Sur le papier, l’initiative est présentée comme une opération de protection. Mais pour l’Iran, elle ressemble surtout à une intervention américaine dans une zone déjà au bord de la rupture.
Le détroit d’Ormuz est quasiment bloqué à la navigation depuis le début de la guerre, le 28 février. Ce passage, par lequel transitait avant le conflit une part immense des hydrocarbures consommés dans le monde, est devenu un point de crispation majeur. En annonçant que la Marine américaine entend aider des navires de pays tiers à quitter la zone, Donald Trump avance donc sur un terrain extrêmement sensible. Car derrière l’argument de la sécurité maritime se cache une réalité plus explosive : toute présence militaire américaine dans ce secteur est surveillée de très près par Téhéran.
La réaction iranienne ne s’est pas fait attendre. Un responsable iranien a estimé que toute intervention des États-Unis dans le détroit d’Ormuz serait considérée comme une violation du cessez-le-feu actuel. Cette position montre à quel point la marge de manœuvre est étroite. Washington affirme vouloir protéger des navires étrangers bloqués dans le Golfe, tandis que l’Iran y voit une tentative d’imposer une présence militaire américaine dans un espace qu’il juge directement lié à sa sécurité.
La tension est montée d’un cran lorsque l’agence iranienne Fars a affirmé que deux missiles avaient été tirés contre une frégate américaine près du port de Jask. Selon cette version, le navire aurait ignoré un avertissement de la Marine iranienne avant d’être visé. Mais l’armée américaine a rapidement démenti qu’un bâtiment de la Marine ait été touché. Le Centcom a déclaré qu’aucun navire américain n’avait été frappé et a réaffirmé que les forces américaines soutenaient le Projet Liberté tout en appliquant le blocus naval des ports iraniens.
Cette opposition frontale entre les deux récits donne une idée de la tension qui règne dans la région. Le Projet Liberté n’est pas seulement une mission navale : il devient un test politique et militaire pour Donald Trump, qui veut montrer que les États-Unis peuvent garantir la circulation de navires non impliqués dans le conflit. Mais il devient aussi un test pour l’Iran, qui cherche à faire comprendre que le détroit d’Ormuz ne peut pas être traversé ou sécurisé sans tenir compte de ses avertissements.

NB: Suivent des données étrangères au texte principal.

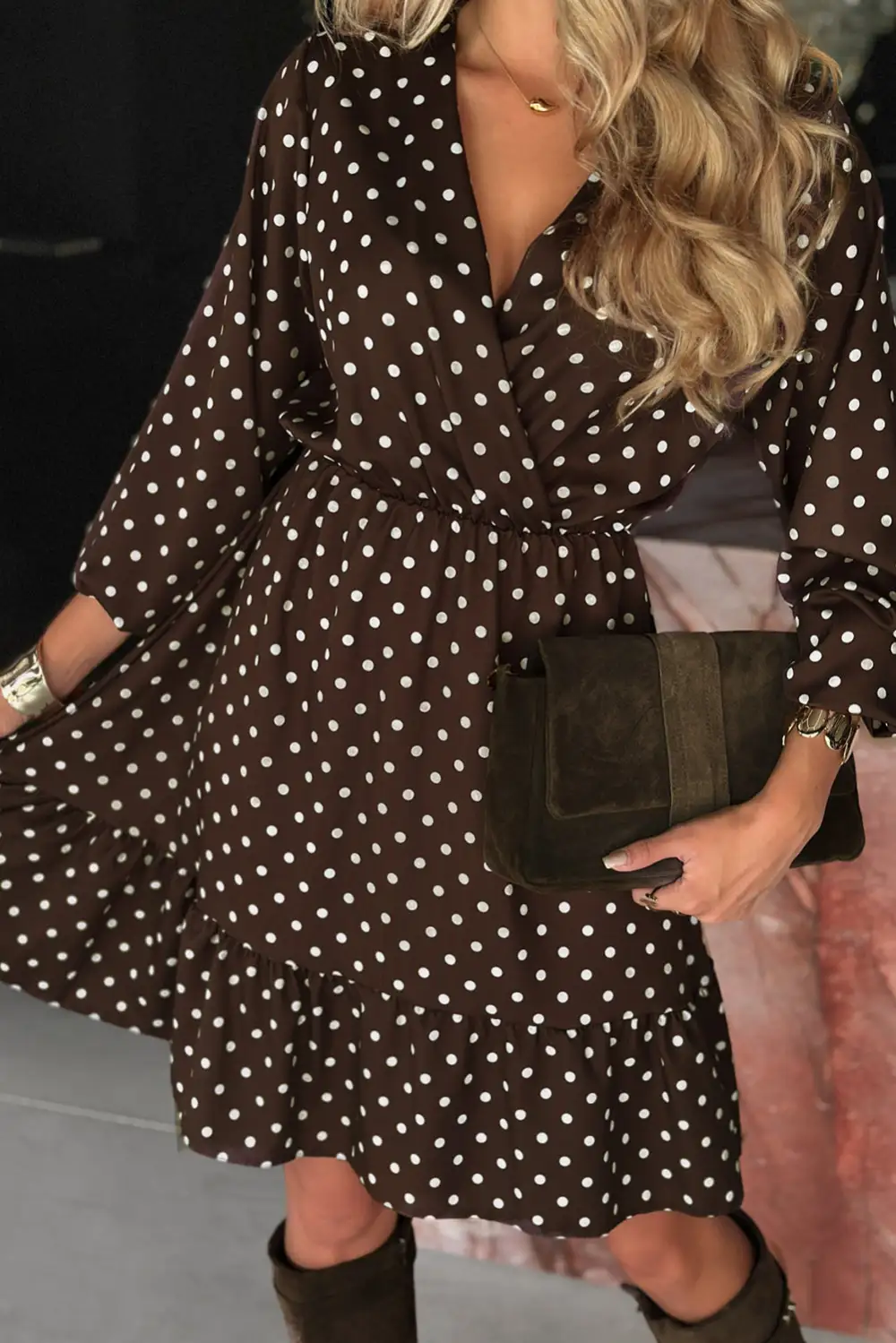 Polka Dot V Neck Ruffle Mini Dress
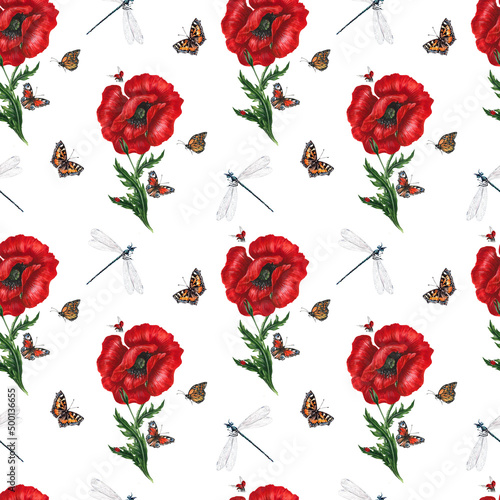 Seamless pattern; red poppies, green leaves, buds, summer insects dragonfly , butterfly. Design with hand drawn by watercolor natural elements for wrapping paper, textile, wallpaper. photo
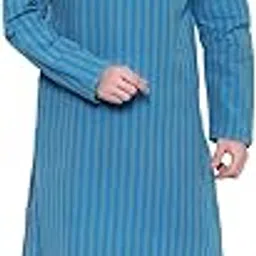 Broad Striped Cotton Men's Long Kurtas-image-35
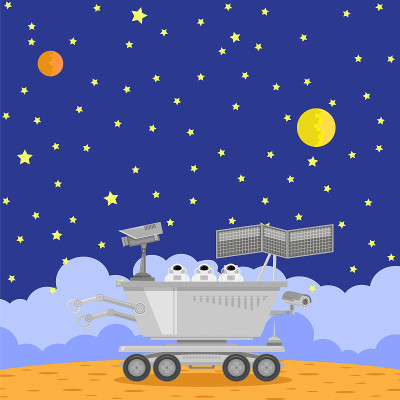 在宇宙背景中孤立的月球车图标。用于调查，研究，研究，调查的机器人空间飞行器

Dans le même temps, Téhéran tente de maintenir une porte diplomatique ouverte. Le porte-parole du ministère iranien des Affaires étrangères, Esmaïl Baghaï, a appelé Washington à adopter une approche raisonnable et à abandonner ses demandes excessives. Il a rappelé que la priorité iranienne était de mettre fin à la guerre, tout en soulignant la méfiance profonde de Téhéran après des négociations passées sur le nucléaire et des attaques imputées aux États-Unis.
Le Projet Liberté cristallise donc tout ce qui rend la situation actuelle si dangereuse : des navires bloqués, un passage maritime vital, une rivalité directe entre Washington et Téhéran, et une diplomatie encore fragile. Donald Trump veut apparaître comme celui qui débloque le détroit. L’Iran, lui, veut empêcher que cette opération soit perçue comme un feu vert à une présence américaine renforcée. Entre les deux, le moindre mouvement de frégate peut désormais devenir un signal de crise.